Scheer has never been granted the same intimate access to George W. Bush as he had enjoyed with five earlier presidents, and this could very well explain why he fails to spot any complexities in the current president’s character. Whether or not his inability to get a private audience with W. comes down to some Rovian protective strategy is cause for discussion (and it’s all the more suspicious that Scheer’s conservative counterpart on Left, Right, and Center, Tony Blankley, has recently had a cozy chat session with Bush II), but the fact remains that Scheer has observed his tenure from a distance, making it harder for him to get a fix on Bush. Yet distance might not be the only reason. As Scheer explains, the “one-on-one time … would have been helpful. But the basic problem for anyone attempting to understand Bush’s motivations is that they may not be driven by a recognizable engine.”

He describes, without the advantage of years’ worth of hindsight that has enabled him to distill the conflicted personalities of the other presidents in this book, the “befuddled wonderment” of Bush’s first nine months in office, and its wholesale transformation into an unshakable sense of purpose and righteousness after 9/11. Disaster – disaster Bush feasibly could have avoided – rescued his drifting, rudderless presidency in its first term, and it was his campaign mastermind’s clever exploitation of that disaster that brought him, just barely, into a second one. “The war against evil provides the saving rationale for the Bush presidency,” Scheer summarizes, “overriding any troubling matters of fact and logic.” I think it would be hard to find an honest person, regardless of party affiliation, who wouldn’t agree with at least the first half of that sentence, and in time history will likely grant us the second. What would W. be without his War on Terror? An innocuous one-termer whiling away the rest of his privileged days in Texas, just like his father.
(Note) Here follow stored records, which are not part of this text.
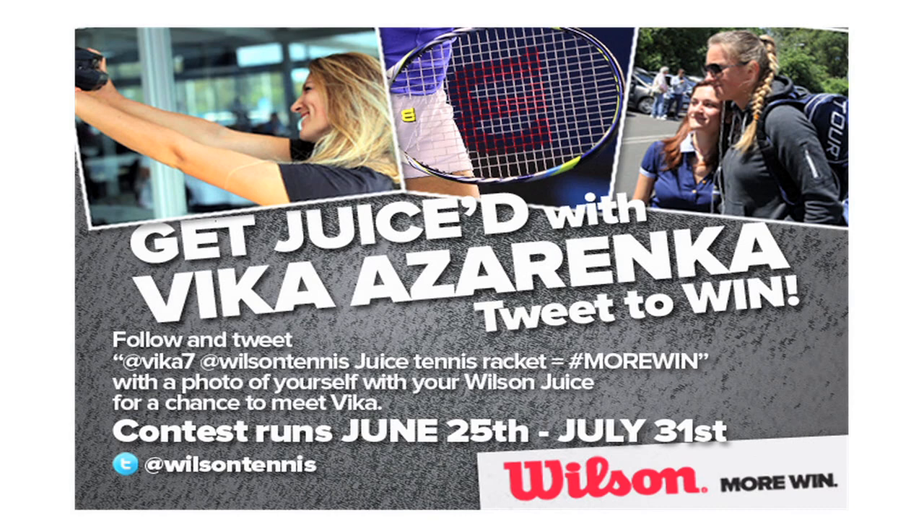Follow and tweet me at Vika7 and at Wilson Tennis. Take pictures with your juice racket and come meet me. Get Juiced!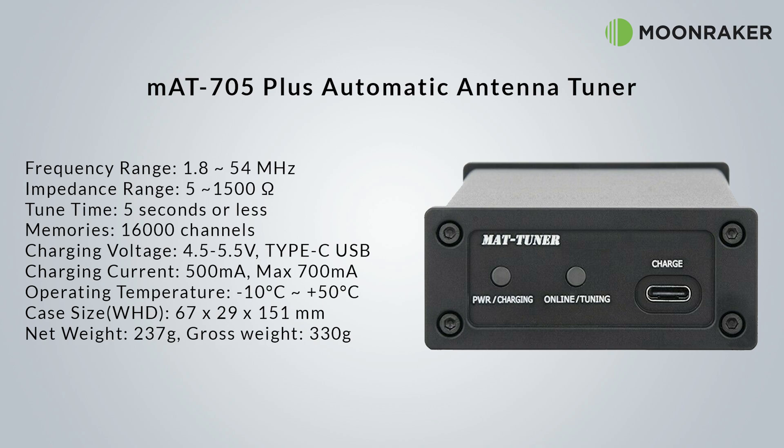With 16,000 memory channels, the tuning will be even quicker if you've tuned to that frequency before. The total weight of the MAT705 is only 330 grams, which makes it an ideal tuner to pop into your backpack for when using portable.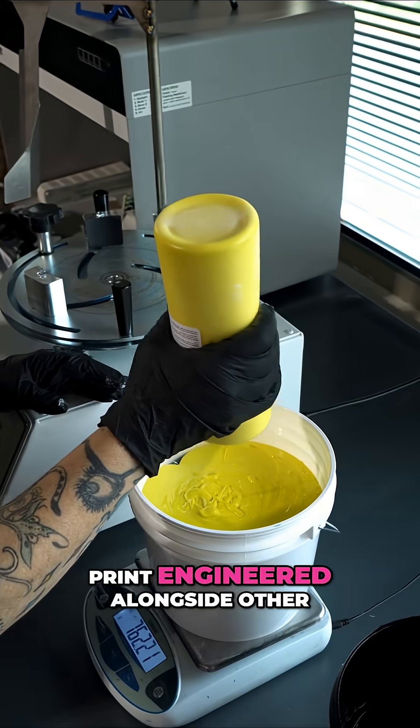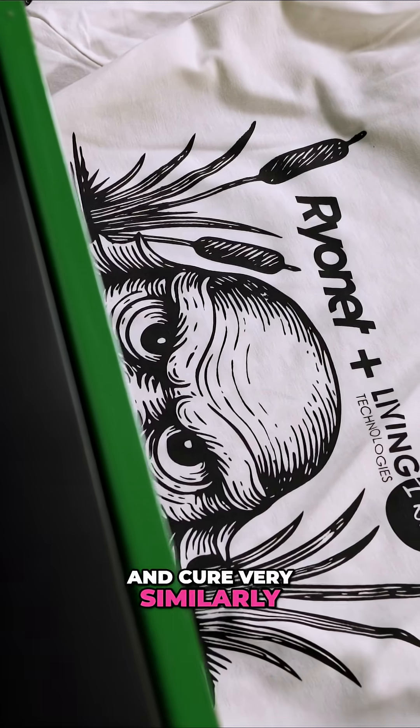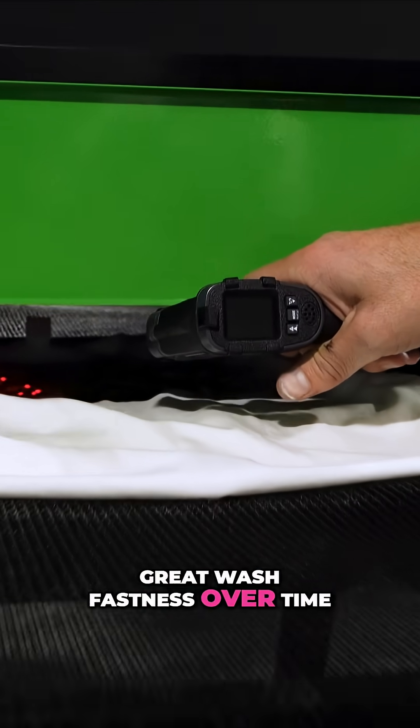Both inks can be print engineered alongside other traditional water-based and discharge inks, flash very similar and cure very similarly to water-based inks. This gives it a great wash fastness over time.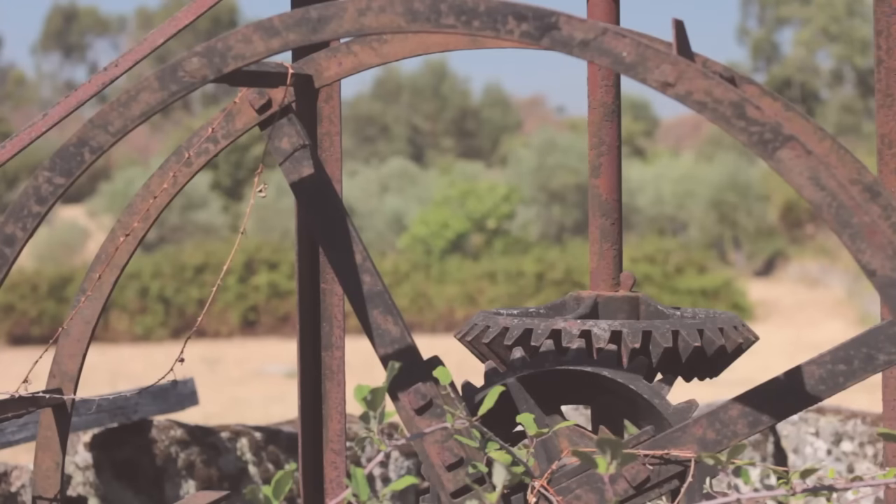Thank you for joining me as I've taken you around our farm here in Portugal. As you can probably tell by the light on my face, the sun is about to dip over the hill in the distance, so I think I'm going to end the video here.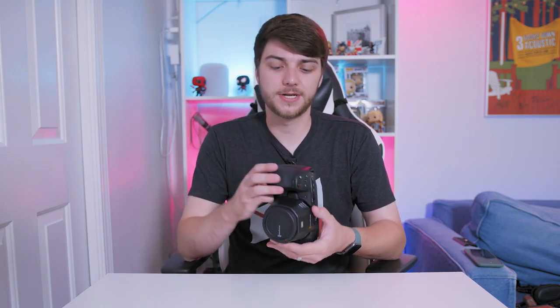You also get a free copy of DaVinci Resolve that comes with your purchase of the camera, which is awesome. I've used it to color grade some client-based work and it works incredibly well. So you really have a lot of flexibility.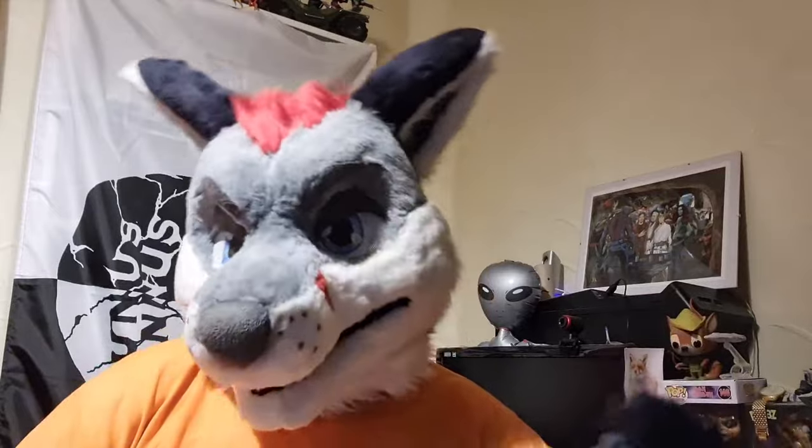Hey y'all, thank you very much for tuning in. I hope you guys are having a most excellent day today. So today we're going to be looking at 5 tips for new fursuiters to help you have a better time in fursuit. I realise there's lots of videos out there giving tips for new fursuiters, so I'm going to try and hit some points that haven't been hit in every other single video. So let's roll that intro and get on with the 5 tips for new fursuiters.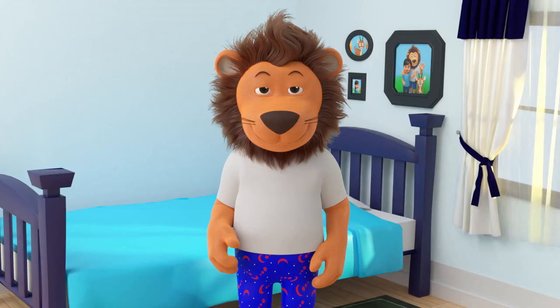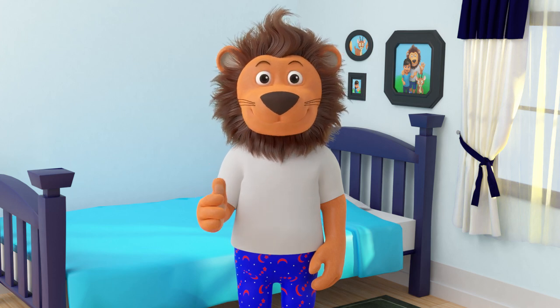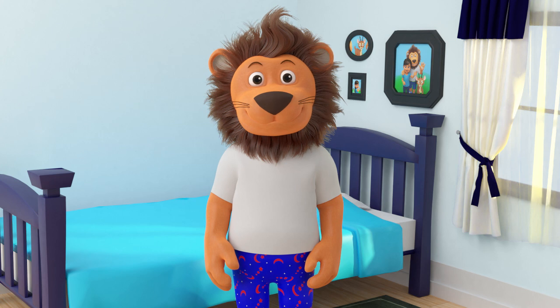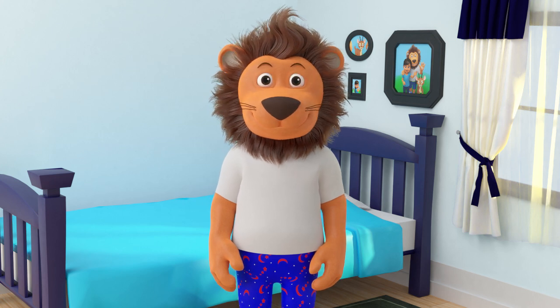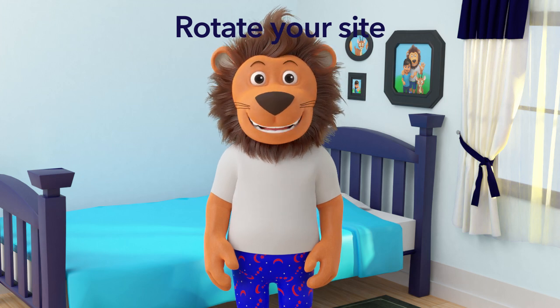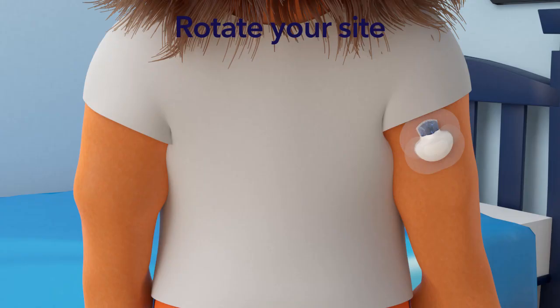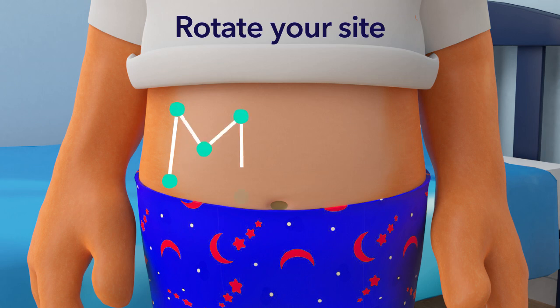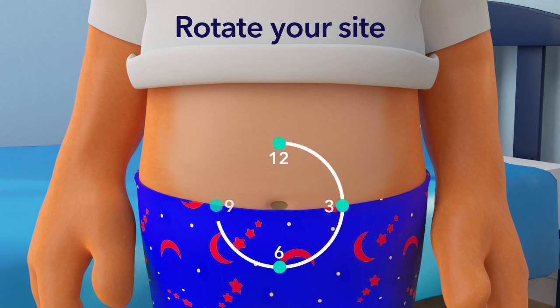Your parents may do this with you now, so you can start learning how to do it yourself one day. When you put the new sensor on, it needs to be placed in a new space on your body. We call this rotating your site. For example, if your old sensor is on your right arm, your new sensor can go on your left arm. You can rotate your site in an M or W shape, or rotate like you're going around a clock, as an example for a sensor that can be placed on the tummy.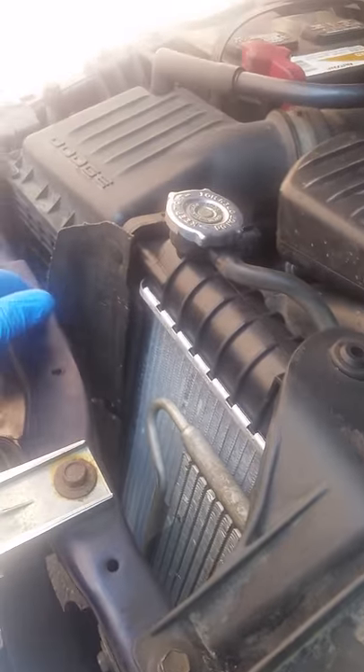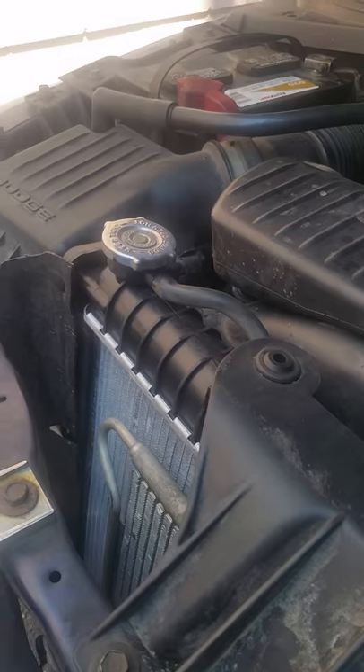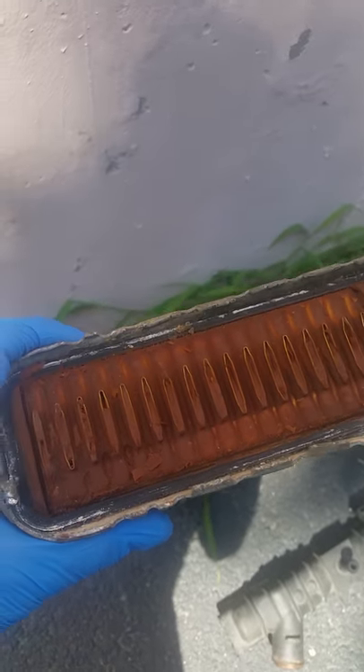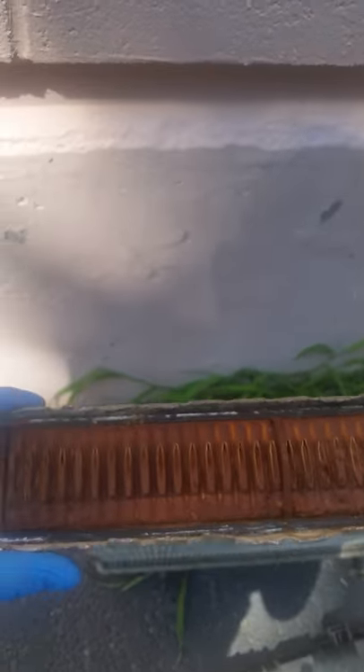So basically I needed all three. Don't blame me for not taking care of the antifreeze — this is not my car, like I said. Here is the old radiator, which I opened up to show you guys exactly what happened. You can see that's all rust buildup in there, and that was causing the overheating.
Perhaps because of the immediacy and urgency of the present, and also perhaps because relevance to current events helps book sales, George W. Bush is a recurring figure in Playing President. He pops up in most of the other presidents’ introductions as a means of contrasting the foreign policy disasters of yesteryear with those of today, and he gets seventy pages devoted to him – an amount second only to Jimmy Carter, with whom Scheer spent countless hours on the campaign trail. He’s therefore something of a fixation for Scheer; his presence is lurking on nearly every page. It’s clear that Scheer has devoted a great deal of time analyzing W. as a president and W. as a man, but there seems to be a frustration that stems from his inability to get a hold on this drumlin woodchuck. He wants to understand his psychology. It’s as if he can’t bring himself to believe his own conclusion that there is no “recognizable engine” to Bush’s motivations, and that he’s been analyzing gut reactions and will to power and cronyistic lever-pulling as though they were intellectual decisions arrived at through a discernible process of reason and debate. Is the dilemma not how to get into this man’s mind, but how to get into the mind of a man who has no mind to get into? Or is that a deliberate and strategic “misunderestimation” that W. has been cultivating?

Playing President is a great read now and it will be a great companion volume when it comes time for Scheer to look back on a lifetime of journalistic, not political, success and write fuller, more detailed analyses and impressions of the U.S. Presidents he has encountered. By that time he might have had the opportunity to sit face-to-face with George W. Bush and been able to appraise his Presidential legacy with the same acumen as he has done with so many others before him.